Data for this exercise.
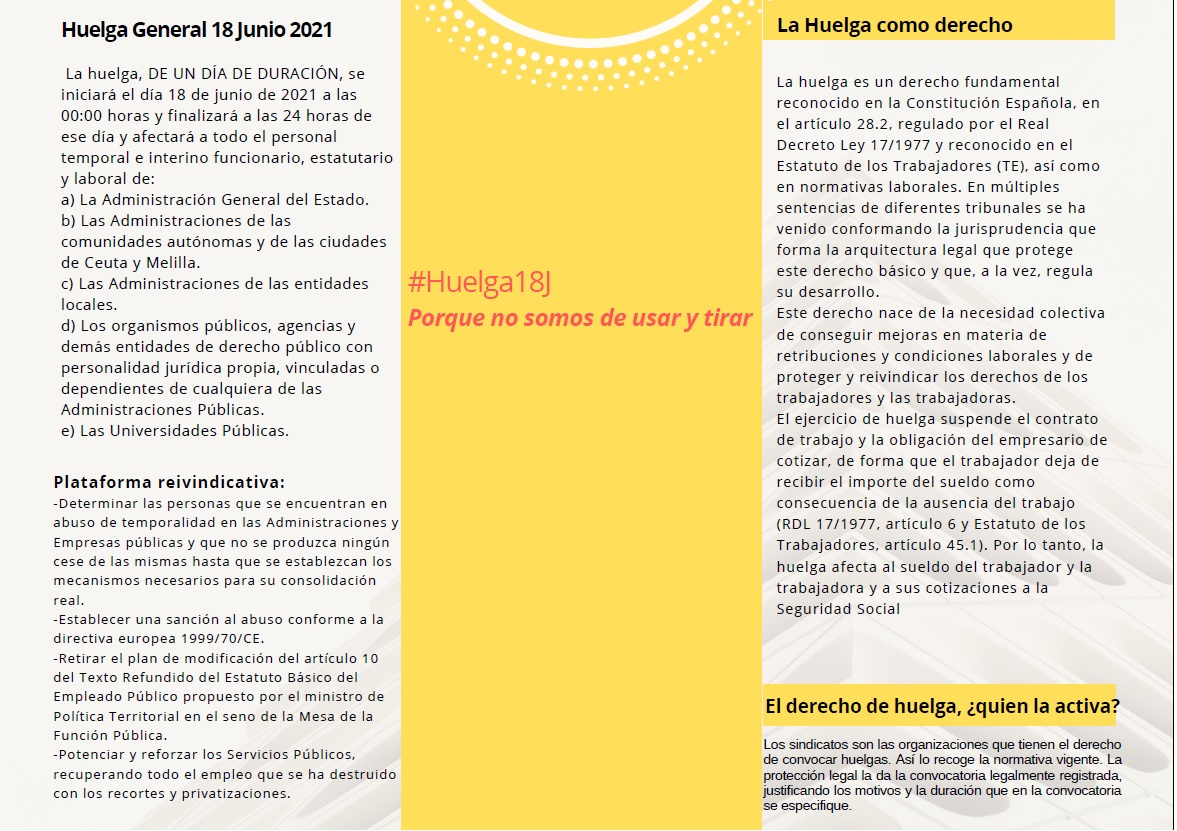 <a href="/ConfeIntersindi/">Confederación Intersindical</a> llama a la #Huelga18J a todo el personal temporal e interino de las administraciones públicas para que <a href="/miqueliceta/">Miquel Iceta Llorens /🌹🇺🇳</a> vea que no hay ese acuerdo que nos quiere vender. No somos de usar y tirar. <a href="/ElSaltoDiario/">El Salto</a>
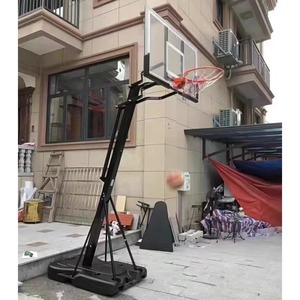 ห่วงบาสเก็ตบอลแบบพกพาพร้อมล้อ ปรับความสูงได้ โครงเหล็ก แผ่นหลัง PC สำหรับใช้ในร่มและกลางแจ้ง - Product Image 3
...
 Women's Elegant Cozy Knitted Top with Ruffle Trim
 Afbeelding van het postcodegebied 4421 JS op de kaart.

Work task.
Copy word for word the stretch of entries above from the line that has "Women's Elegant Cozy" through the line that has "Afbeelding van het", both ends included, and nothing outside it.

Exercise response.
 Women's Elegant Cozy Knitted Top with Ruffle Trim
 Afbeelding van het postcodegebied 4421 JS op de kaart.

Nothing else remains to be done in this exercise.